Records from a data source:

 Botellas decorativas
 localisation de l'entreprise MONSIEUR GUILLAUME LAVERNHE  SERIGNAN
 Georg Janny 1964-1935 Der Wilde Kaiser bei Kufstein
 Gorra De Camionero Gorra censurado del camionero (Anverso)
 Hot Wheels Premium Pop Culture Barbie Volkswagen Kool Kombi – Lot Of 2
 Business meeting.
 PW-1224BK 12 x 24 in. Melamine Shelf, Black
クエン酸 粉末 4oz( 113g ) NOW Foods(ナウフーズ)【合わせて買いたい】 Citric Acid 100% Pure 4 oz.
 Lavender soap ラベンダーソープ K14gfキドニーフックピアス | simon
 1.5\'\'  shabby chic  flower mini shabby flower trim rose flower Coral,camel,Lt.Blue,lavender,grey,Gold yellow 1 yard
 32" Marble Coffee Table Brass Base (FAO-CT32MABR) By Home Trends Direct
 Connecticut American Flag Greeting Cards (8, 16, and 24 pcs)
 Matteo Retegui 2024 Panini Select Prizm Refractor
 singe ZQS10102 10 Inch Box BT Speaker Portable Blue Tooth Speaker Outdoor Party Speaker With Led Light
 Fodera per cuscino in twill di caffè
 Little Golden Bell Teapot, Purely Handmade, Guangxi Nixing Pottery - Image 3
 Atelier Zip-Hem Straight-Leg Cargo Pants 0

#### [REQUIREMENT]
Scan the entries for the word "Blue". Report each line that has it.

#### [ANSWER FOR THIS EXERCISE]
 1.5\'\'  shabby chic  flower mini shabby flower trim rose flower Coral,camel,Lt.Blue,lavender,grey,Gold yellow 1 yard
 singe ZQS10102 10 Inch Box BT Speaker Portable Blue Tooth Speaker Outdoor Party Speaker With Led Light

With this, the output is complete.